Déjà vu maternal
Por: Liz Mireles
La segunda vez que quise convertirme en mamá fue algo desgastante, me había rendido al primer intento. A pesar de haber pasado por un proceso similar con mi hijo mayor, este segundo tratamiento me agotó muy rápido, toda mujer que haya pasado por esto sabe de lo que hablo: visitas programadas al ginecólogo, hormonas, inyecciones, ultrasonidos y tanta cosa que significara un oportunidad para concebir de nuevo, sumado a las presiones sociales y familiares donde todo parece girar alrededor del siguiente paso natural mal etiquetado, ajeno e indiferente a la frustración de no tener las cosas fáciles.
Así, decidí dejar por la paz aquel estrés, un año después, comencé a notar sutiles cambios en mi cuerpo, un cansancio por demás extremo, una sensación de vacío en la boca del estómago, naúseas; lo comprendí de inmediato y tan pronto como pude me hice la prueba casera, mi asombro era grande, esa misma tarde me lo confirmó el médico. Me sentía feliz.
Pero todo se pondría más complicado, en la siguiente revisión, al realizar el ultrasonido, el doctor se quedaba pensativo, no decía nada, empecé a preocuparme y al final soltó las palabras más impactantes de mi vida hasta ese momento: ¡son dos!
¿Dos qué?
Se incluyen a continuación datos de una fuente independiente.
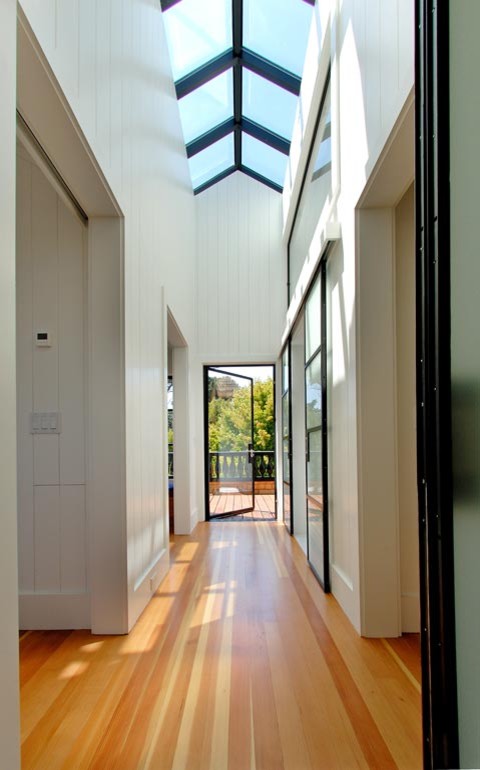 Hallway - large contemporary medium tone wood floor hallway idea in San Francisco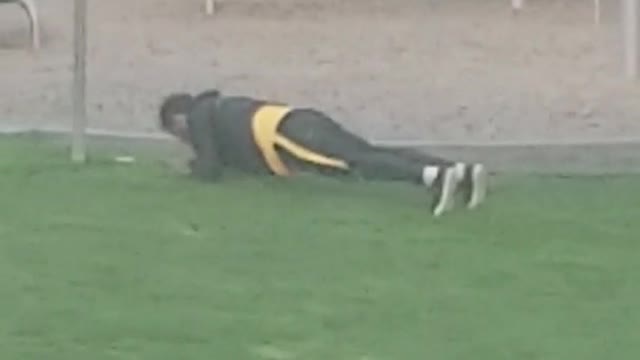 Guy doing planks pushups pelvic thrusting grass playground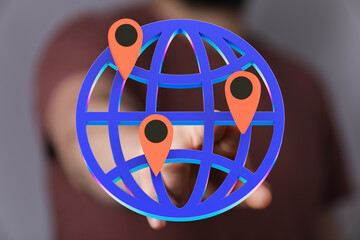 Person interacting with a 3D globe showing multiple location pins.  Represents global reach,...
Dos bebés.
Un par de embriones en la pantalla, claritos, uno frente al otro, dos latidos, dos vidas, dos.
A partir de ese momento todo es un déjàvu constante, como aquel que sentí cuando nacieron, escuché un llanto, los médicos limpiaron a la bebé, la acercaron a mi para conocerla, después de 9 minutos, resonó otro llanto, se repitió el procedimiento y vi a la segunda, ambas perfectas, pequeñas, fuertes y sanas. No pudieron pasar más de una hora separadas, las enfermeras no lograron callarlas y al final del día durmieron juntas en la cuna.
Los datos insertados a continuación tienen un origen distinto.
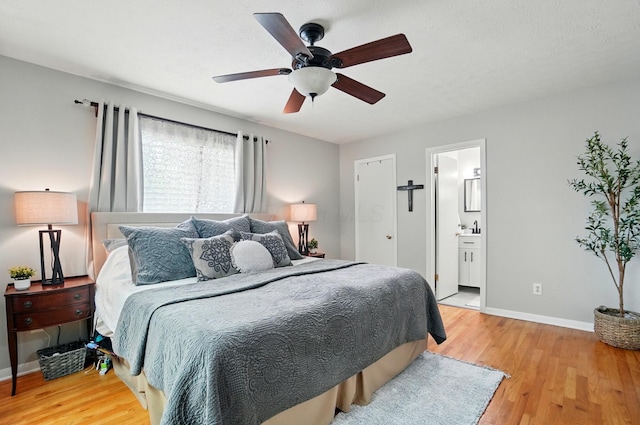 723 W Winmar Pl, Westerville, OH 43081 - bedroom featuring light wood-style flooring, baseboards, connected bathroom, and ceiling fan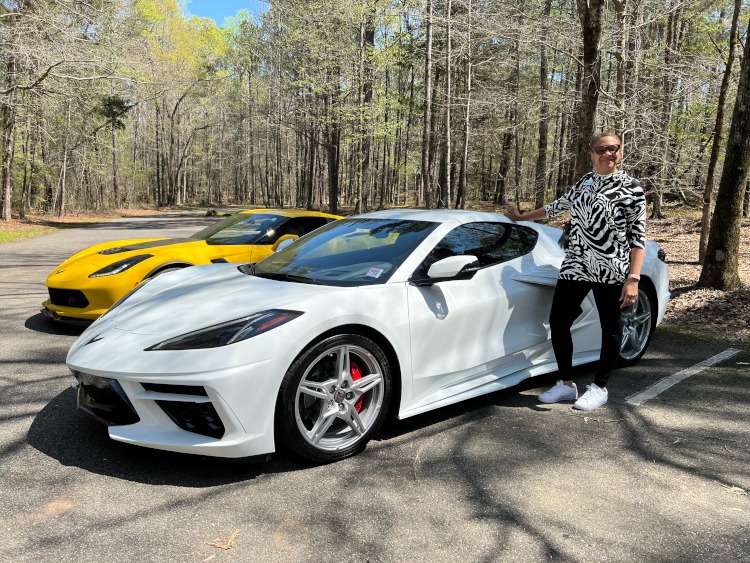 A woman standing beside an Arctic White C8 Corvette.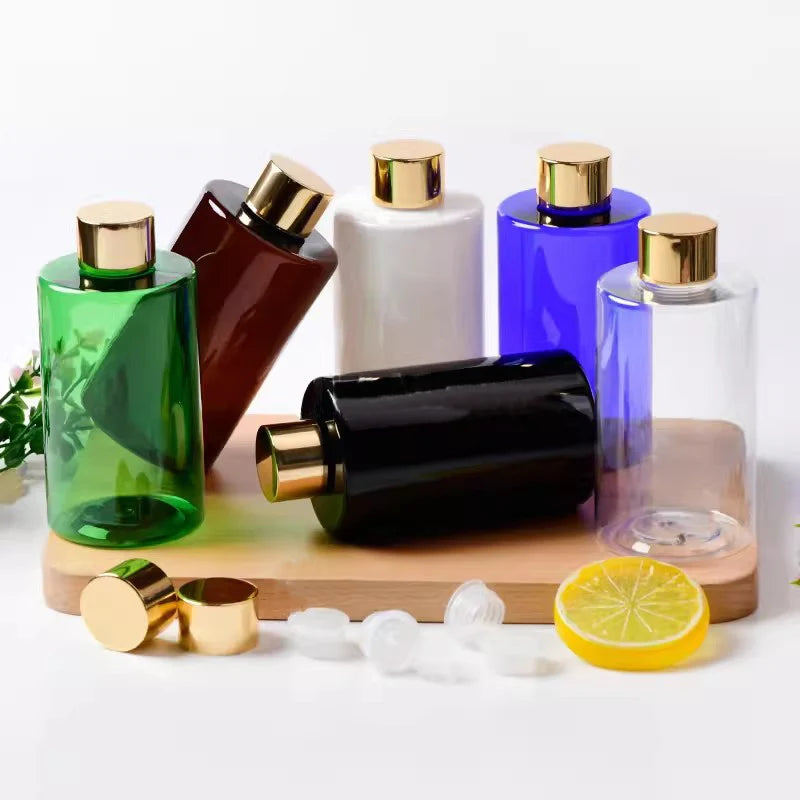 Green, brown, white, blue, clear and black PET bottles with gold-tone screw caps
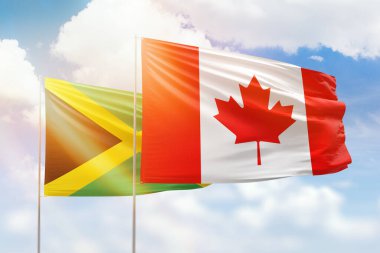 Sunny blue sky and flags of canada and jamaica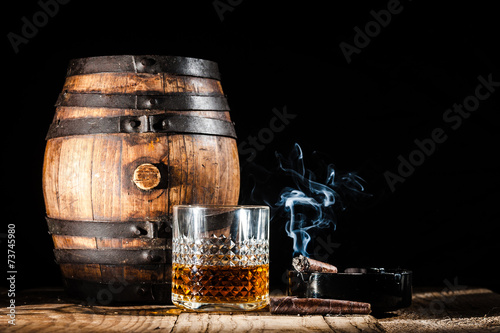 Canvas Print Glass of alcohol and smoking noble cigar on a black background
Esa segunda vez lo cambió todo para todos.
Me maravilla la increíble capacidad del cuerpo, desarrollar seres tan perfectos de pies a cabeza, me preocupé después por la economía, desde antes de que nacieran casi todo lo he pagado doble, no hay 2×1, no es verdad que donde come uno comen dos, ni donde duermen, juegan, se bañan, corren, estudian; ser mamá de múltiples es sentirse impotente por no tener cuatro brazos, dos bocas o más tiempo, paciencia y fuerza; cuando ambas lloran y alimentarlas pierde toda la ternura que las fotos posadas reflejan, cuando no queda más que unirse al llanto de ellas por no saber diferenciarlas aún; rendirse, levantarse y guardar esa frustración en una respiración profunda, replantear la estrategia, improvisar para calmar su angustia y al final, disfrutar del silencio cuando duermen, sincronizarse con su respiración, desconectarse de horarios y poco a poco introducirlas a mi mundo.
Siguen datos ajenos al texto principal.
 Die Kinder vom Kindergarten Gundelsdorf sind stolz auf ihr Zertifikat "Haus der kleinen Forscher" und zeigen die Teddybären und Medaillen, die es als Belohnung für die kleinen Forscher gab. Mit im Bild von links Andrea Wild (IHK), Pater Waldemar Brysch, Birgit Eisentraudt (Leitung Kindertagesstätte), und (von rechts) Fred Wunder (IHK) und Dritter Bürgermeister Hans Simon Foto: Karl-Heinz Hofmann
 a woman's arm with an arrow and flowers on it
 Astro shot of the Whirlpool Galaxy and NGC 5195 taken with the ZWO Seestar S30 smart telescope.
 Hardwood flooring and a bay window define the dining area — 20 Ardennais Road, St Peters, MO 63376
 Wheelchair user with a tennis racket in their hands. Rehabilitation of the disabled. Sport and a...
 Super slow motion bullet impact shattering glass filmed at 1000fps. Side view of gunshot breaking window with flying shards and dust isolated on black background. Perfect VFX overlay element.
Pasaron las semanas antes de darme cuenta que tenía que volver al trabajo, no quería hacerlo, ser esa mujer moderna, organizada, multifuncional y eficiente, estaba por debajo de mi mayor prioridad en ese momento. ¿Acaso era malo? Recuerdo haber llegado al escritorio, a ese teléfono que nunca paraba de de sonar, recordé el ritmo del trabajo, me senté frente al monitor, me sorprendió con la mente en blanco a la mitad el día, lejos de ahí, con el pensamiento detenido en mis pequeñas hijas que a partir de ese día despertaron en unos brazos extraños en medio de un silencio que se rompió con su llanto.
Han pasado catorce años de ser mamá, de coleccionar tantas cosas que los hijos dan, recuerdos buenos, otros amargos, algunos dolorosos, maravillosos; cada etapa que atraviesan me intriga, cada ocurrencia, pregunta o discusión siempre me llevan a cuestionar si hago bien las cosa; tengo casi la misma edad que tenía mi madre cuando enfermó, mis dos hijas son de la misma edad de una de mis hermanas en ese entonces, 6 años solamente. El último recuerdo que tengo de ella, radiante alegre y activa; es haberme despedido antes de irse al hospital. Ahora me embarga una infinita nostalgia al pensar cuántos años tengo sin ella, cuántas cosas han sucedido que no pudimos compartir; cuando abrazo a mis hijas, me siento ellas y yo misma soy mi madre, me siento conectada a ella. La extraño profundamente, me cuesta pensar en eso que constantemente me dicen, que me ve desde donde está, que me cuida, que cuento con ella, pero me parecen vacías esas palabras, el único lugar donde sé que estoy cerca es en el panteón, cuando la visito y lloro como mis hijas cuando sienten miedo, se lastiman o necesitan de mis brazos, donde todo se resuelve.